──────── Provided records ────────

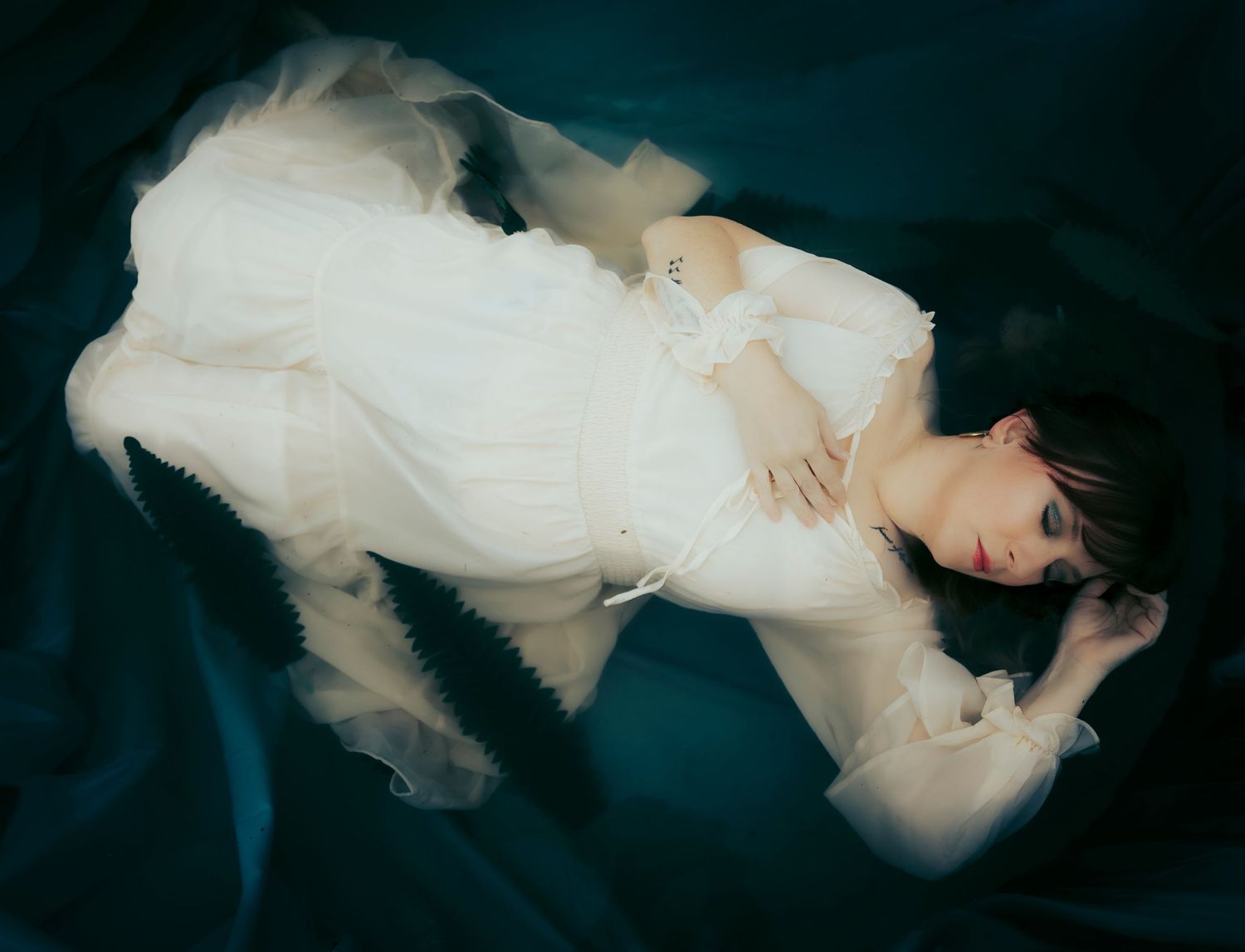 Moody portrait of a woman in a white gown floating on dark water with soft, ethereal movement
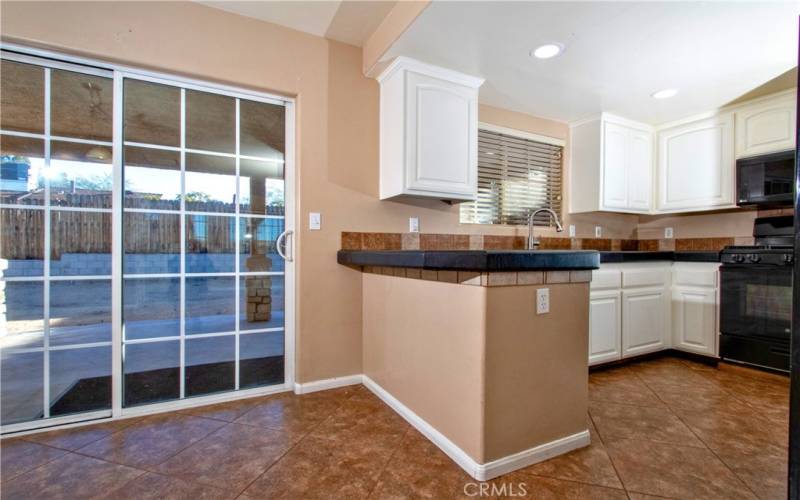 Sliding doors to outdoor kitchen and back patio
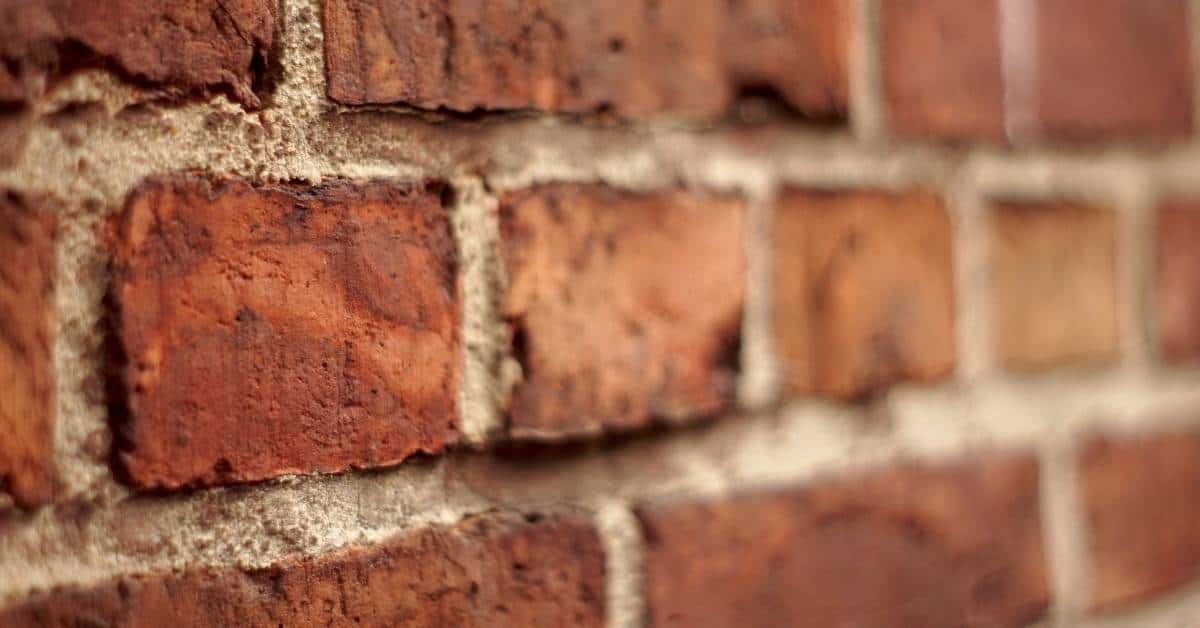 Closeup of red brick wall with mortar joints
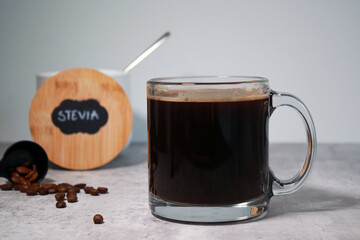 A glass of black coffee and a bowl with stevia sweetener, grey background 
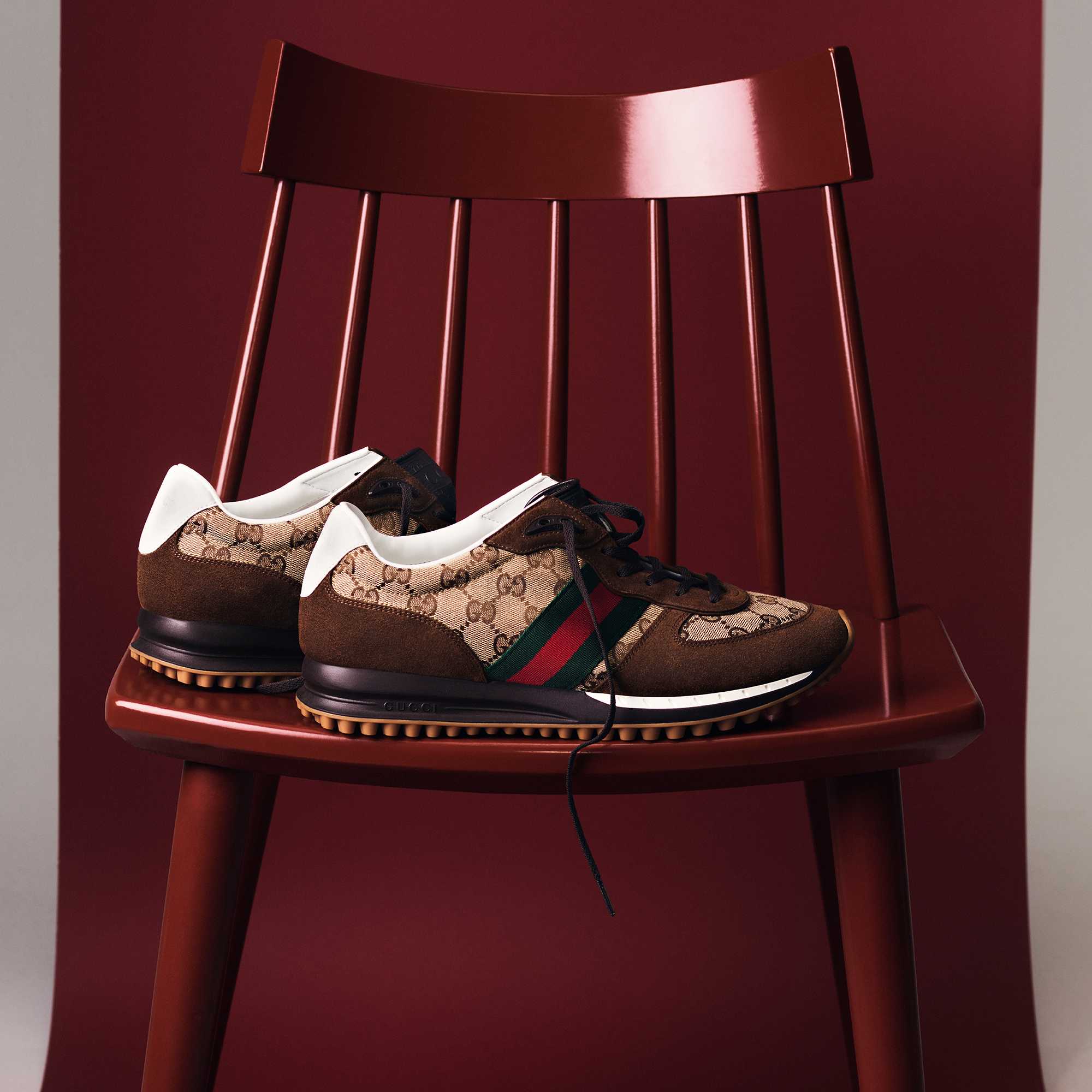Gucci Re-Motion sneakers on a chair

────────
──────── Provided records ────────

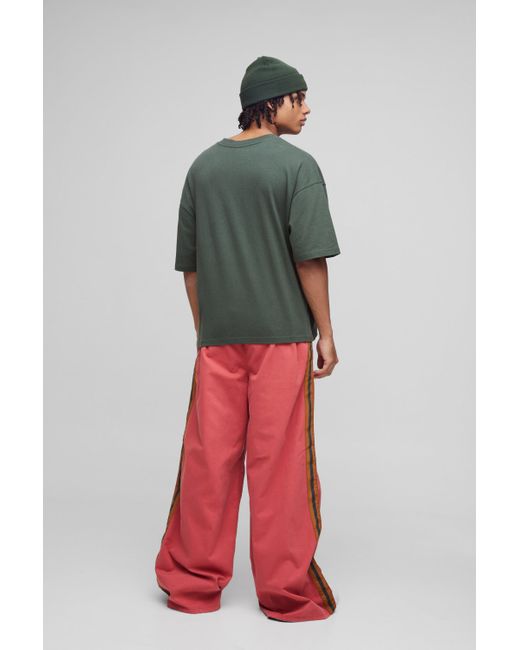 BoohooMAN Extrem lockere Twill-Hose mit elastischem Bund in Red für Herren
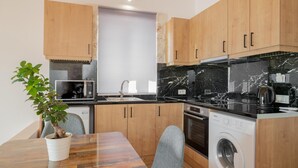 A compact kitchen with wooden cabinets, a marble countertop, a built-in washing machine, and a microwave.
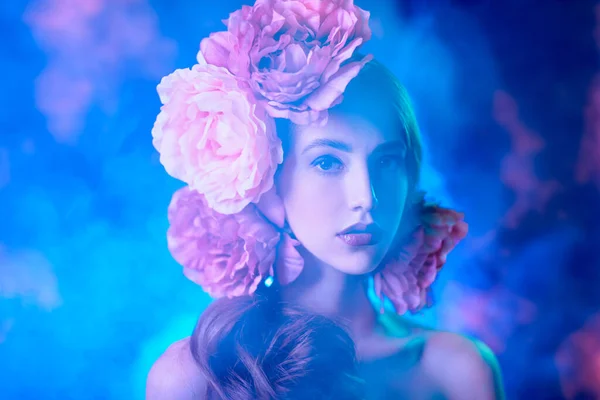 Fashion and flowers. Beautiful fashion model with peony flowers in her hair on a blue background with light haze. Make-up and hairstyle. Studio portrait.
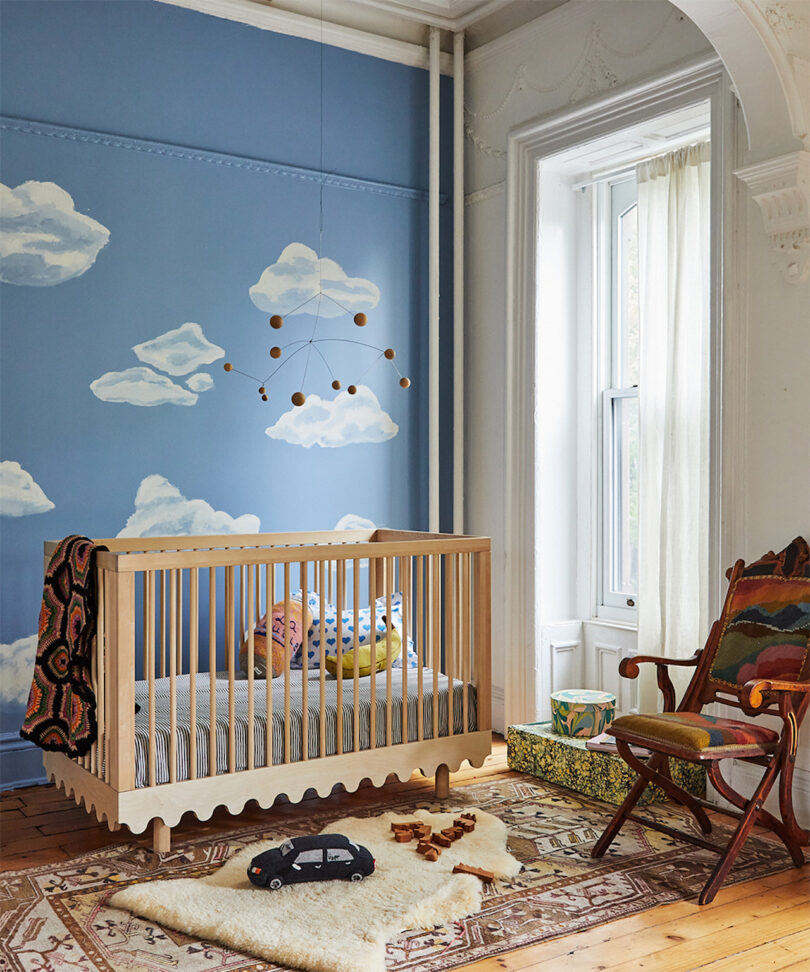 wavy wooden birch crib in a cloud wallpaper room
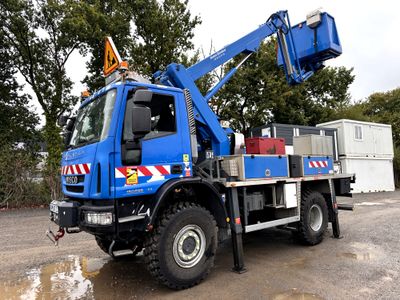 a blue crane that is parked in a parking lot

────────

How to complete this task
Please copy the lines above exactly, starting at the line that holds "Moody portrait of" and ending at the line that holds "Gucci Re-Motion sneakers on a chair"; include both, but no pictures.

Task solution
 Moody portrait of a woman in a white gown floating on dark water with soft, ethereal movement
 Sliding doors to outdoor kitchen and back patio
 Closeup of red brick wall with mortar joints
 A glass of black coffee and a bowl with stevia sweetener, grey background 
Gucci Re-Motion sneakers on a chair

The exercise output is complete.